Critical to ending the vicious cycle of yearly revenue shortfalls and borrowing to fund budget deficits is to invest in streamlining the tax collection system to make it efficient and block points of fiscal haemorrhage.

“What we are supposed to collect as taxes we are not collecting enough. There are a lot of leakages and loopholes in the tax system we need block,” he said, and a recent report by the Auditor General confirms severe leakages in the tax system. It gets even worse. A chunk of what reaches state coffers is stolen by severe irregularities at public institutions – Ministries, Department and Agencies. An audit of public institutions for 2017 revealed that the overall financial impact of weaknesses and irregularities at public institutions amounted to over GH¢892 million (or $223 million).

Tax evasion continues to cripple revenue targets. Think tank, African Centre for Energy Policy (ACEP) believes Ghana loses $2.1 billion annually through tax evasion. Prof Quartey, whose academic specialisation is the areas of Monetary and Financial Sector Development, Project Monitoring and Evaluation, Migration and Economic Development, among others, says he expects Mr Ofori-Atta to tell legislators during the presentation of the 2018 Budget Review how some of these drains on the much-needed revenues will be blocked.

Prof Quartey has more advice for the Finance Minister ahead of the Mid-Year Budget Review.

“The informal sector is another big problem. We have not managed to rope them in as much we should,” he said, admitting that that suggestion is becoming monotonous.

“But it is a large economy,” he said, a reason the suggestion to rope them into the tax net will keep surfacing. He expects the Minister to give a convincing update about how ongoing initiatives like the Tax Identification Number (TIN), the Ghana Post GPS and the National ID Card, have succeeded in capturing the huge but elusive informal sector into the tax net.

Prof Quartey says until gov't invests substantially in roping in the informal sector, revenue inadequacy will persist

“There is a whole night business in Accra but when we sleep [tax collectors] also sleep when we wake [tax collectors] wake. It cannot be business as usual,” he counsels.

Politically unwise, economically prudent

There is, however, a more radical suggestion by Dr Lord Mensah, Senior Lecturer at the Finance Department of the University of Ghana Business School, on how the Finance Minister can navigate the choppy waters of leaky revenue streams while playing at tax leniency.

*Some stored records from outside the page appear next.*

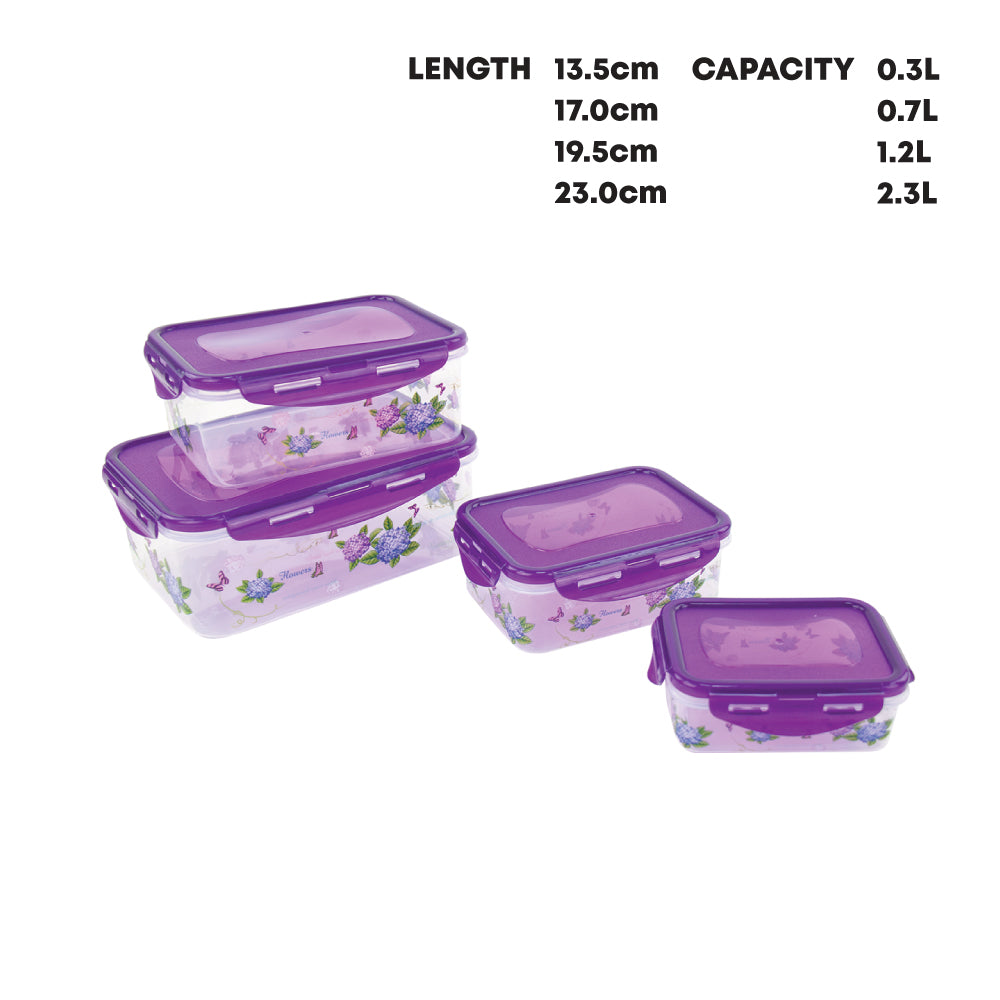 Durane Plastic Fresh Food Container Set 4pc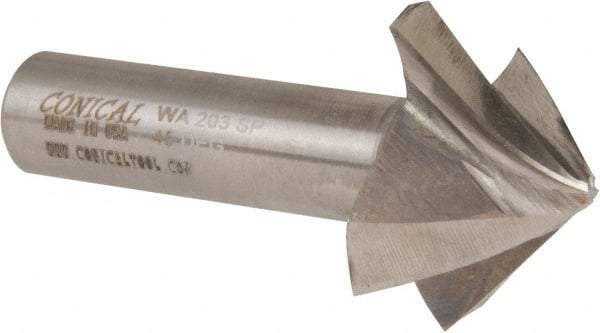 Made in USA - 45° Taper Angle per Side, 1/8" Small End Diam, 3/4" LOC, High Speed Steel 4 Flute Tapered Square End Mill - 3" OAL, 5/8" Shank Diam, Spiral Flute - Exact Tool & Supply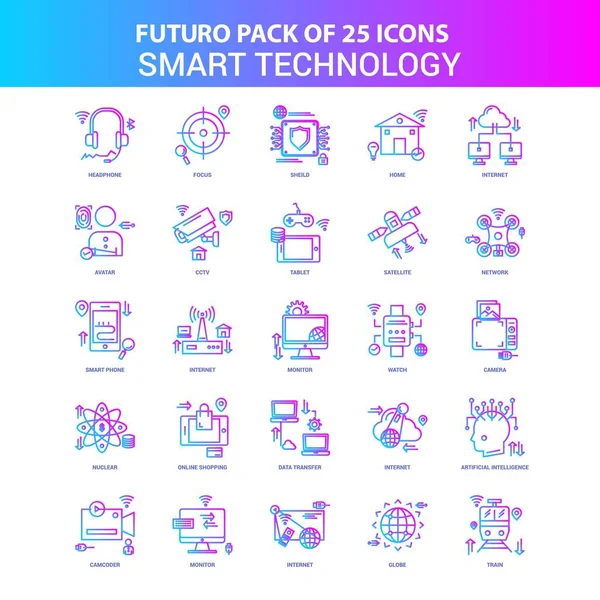 Mavi Pembe Futuro Smart Teknolojisi Icon Pack — Stok Vektör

According to Dr Mensah, as it stands now the Minister has only one option in the short term to deal with revenue shortfalls and preempt tax hikes: head to the money lenders and borrow. He admits, however, that because Ghana's public debt is ballooning to dangerous levels, that option presents an obvious challenge.

"The only way to to do this is cut down expenditure," he said, convinced some of the revenue-intensive and politically-motivated policies must be reviewed. That will mean reviewing the free SHS policy in a way that takes cognisance, for instance, of parents who are willing and able to pay for their wards' fees at the senior high level. Reduce the number of districts targeted for the One-District-One-Factory policy, cut down expenditure targets for the Planting for Food and Jobs programme etc.

Dr Lord Mensah wants Finance Minister to take the bull by the horn

"Government must revisit all of its ambitious programmes. It may not be politically wise,  but it will be good to do so," he stressed.

In less than 48 hours the Finance Minister will head to Parliament to tell Ghanaians his analysis of the total revenue, expenditure and financing performance for the first six months of the financial year. Mr Ofori-Atta will also present a revised budget outlook for the medium-term fiscal expenditure framework, and amid the cacophonous banter from the Minority Parliamentarians, he will present his master plan for the better economy his boss promised while gunning to be President in 2016.

While we speculate what the Mid-Year Review will look like, Dr Mensah of the University of Ghana Business School has a word of advice: "It is time to take the bull by the horn…if you promised ten factories cut down to four!"